|Publication number||US5184735 A|
|Application number||US 07/765,603|
|Publication date||Feb 9, 1993|
|Filing date||Sep 25, 1991|
|Priority date||Sep 25, 1991|
|Publication number||07765603, 765603, US 5184735 A, US 5184735A, US-A-5184735, US5184735 A, US5184735A|
|Inventors||Danny O. Black|
|Original Assignee||Advanced Medical Nutrition, Inc.|
|Export Citation||BiBTeX, EndNote, RefMan|
|Patent Citations (10), Non-Patent Citations (4), Referenced by (12), Classifications (11), Legal Events (6)|
|External Links: USPTO, USPTO Assignment, Espacenet|
Golfing, like other sports and activities, can create many fond memories and mementos. Many golfers collect special golf balls, such as those with special logos, special tournament balls, balls used by famous golfers or balls used to make a special shot, such as a hole in one. In response to this desire to display special golf balls, various types of display racks have been created. One type is a wooden rack having a number of rectangular openings. The base of each opening typically has a depression within which the ball sits. However, these types of golf ball display racks are not a terribly efficient use of space. Another type of golf ball display rack eliminates the vertically oriented dividers between the golf balls; however, there are still horizontally oriented dividers upon which the golf balls rest. With both types of display racks, the golf balls are easily removable so that a simple jar of the ball rack would allow the golf balls to inadvertently fall from the ball rack.

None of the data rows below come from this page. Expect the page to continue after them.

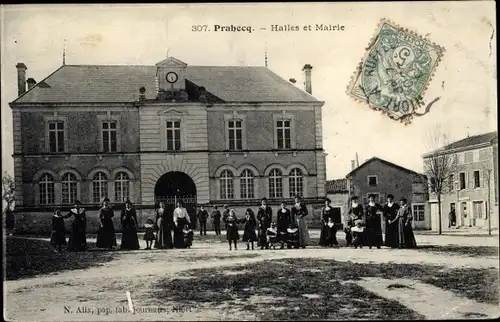 Ak Prabecq Deux-Sèvres, Halles et Mairie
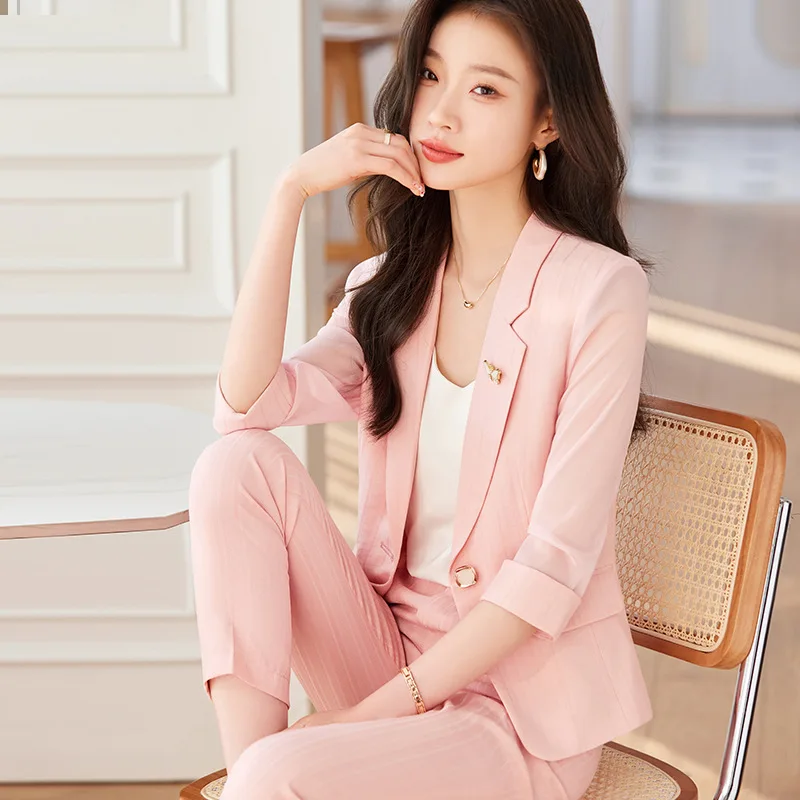 

Pink Suit Jacket for Women2024Summer New High Sense Temperament Leisure 3/4 Sleeve Suit Suit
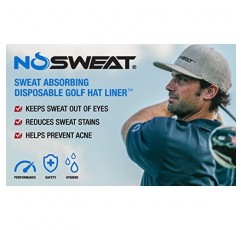 NoSweat 골프 모자 스웨트 라이너 - 얼룩 및 냄새 방지 특허 기술 Made in USA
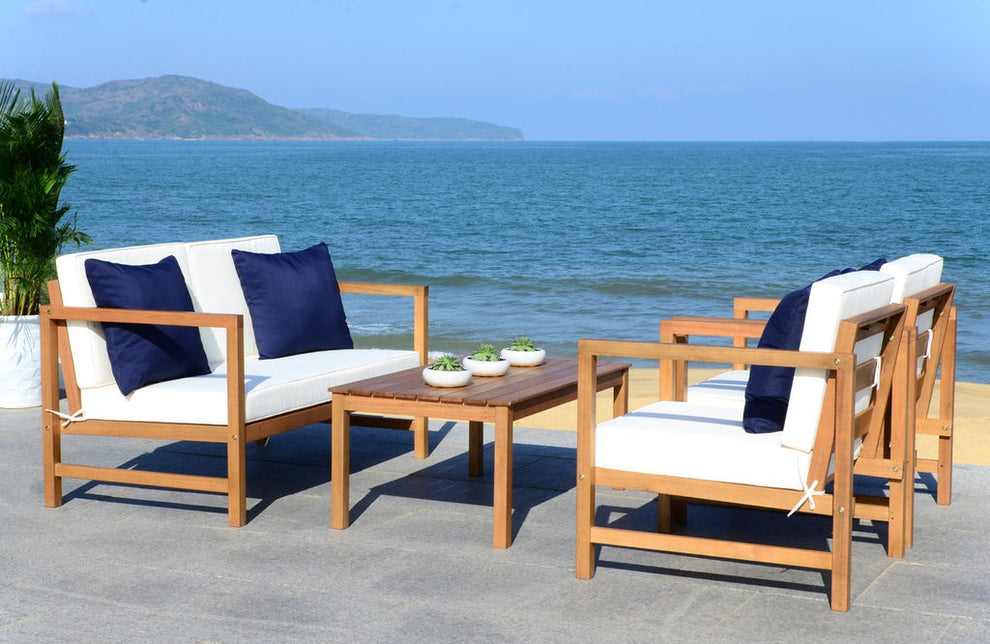 Safavieh Montez 4 Pc Outdoor Set With Accent Pillows | Outdoor Sofas, Loveseats & Sectionals |  Modishstore  - 3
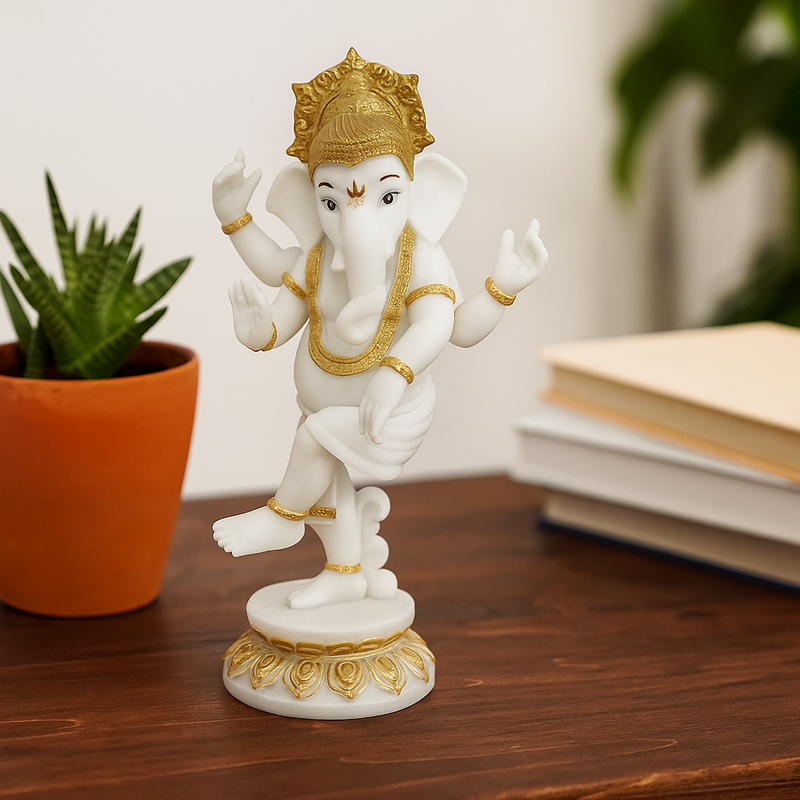 20cm Dancing Ganesh Idol with White and Gold Finish – Elegant Spiritual Decor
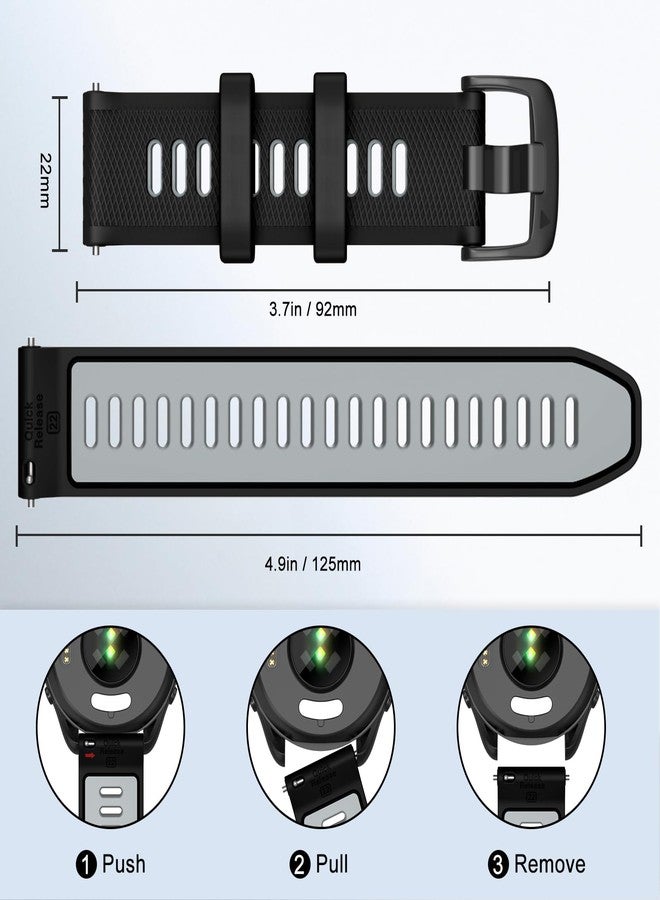 ISABAKE 22mm Watch Strap for Forerunner 255 Music/Forerunner 265, Silicone Quick Release Replacement Band for Garmin Venu 2/Vivoactive 4/Samsung Galaxy Watch 3 45mm - Image 4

Also, unauthorized removal, such as by young children, can also create damaged or lost golf balls, which are sometimes irreplaceable.

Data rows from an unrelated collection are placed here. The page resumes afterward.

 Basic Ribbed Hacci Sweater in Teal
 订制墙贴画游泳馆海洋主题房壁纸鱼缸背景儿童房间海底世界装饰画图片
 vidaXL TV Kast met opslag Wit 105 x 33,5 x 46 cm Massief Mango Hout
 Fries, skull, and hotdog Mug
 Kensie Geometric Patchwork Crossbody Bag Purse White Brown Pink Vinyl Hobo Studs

The present invention is directed to a golf ball display rack which allows the golfer to display special balls, such as those with special logos, tournament balls, or balls used by famous golfers, in an attractive, secure and efficient manner.

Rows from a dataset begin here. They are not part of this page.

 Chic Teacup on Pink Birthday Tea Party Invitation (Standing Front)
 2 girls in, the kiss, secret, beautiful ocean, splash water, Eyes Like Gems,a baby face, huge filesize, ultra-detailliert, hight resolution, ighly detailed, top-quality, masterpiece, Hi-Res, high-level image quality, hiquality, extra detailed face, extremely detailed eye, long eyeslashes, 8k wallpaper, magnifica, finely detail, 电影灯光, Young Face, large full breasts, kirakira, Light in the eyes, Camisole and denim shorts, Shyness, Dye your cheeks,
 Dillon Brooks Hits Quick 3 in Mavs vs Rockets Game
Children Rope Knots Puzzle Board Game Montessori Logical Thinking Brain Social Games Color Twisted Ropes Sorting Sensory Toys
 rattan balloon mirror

The golf ball display rack includes a generally vertically oriented body, a base at the bottom of the body and a number of dividers mounted to the body. The dividers define a number of vertical ball slots. Each of the ball slots is sized to support a number of golf balls, the bottommost golf ball supported by the base, in a vertical column, one golf ball on top of the other. The outwardly facing sides of the ball slots are open to permit the golf balls within the slots to be viewed. The ball slots are arranged in outwardly bowed configuration so as to provide enhanced viewing. Viewing is also aided by the use of transparent dividers. The rack can be supported by a horizontal support surface or the rack can be hung on a wall or other vertically oriented support.
One of the primary advantages of the invention is that it not only provides virtually unobstructed viewing of the golf balls displayed, it does so while maximizing the number of golf balls displayed in a particular area. This is because no horizontally oriented separators are used between the balls to provide the maximum number of balls to be displayed over a particular vertical distance. Similarly, the dividers can be configured to permit extremely close spacing between the columns of golf balls. Thus, for particular size display rack, a maximum number of golf balls can be displayed. This minimization of the space required to display one's golf balls also helps to reduce the cost-per-displayed-golf ball of the display rack.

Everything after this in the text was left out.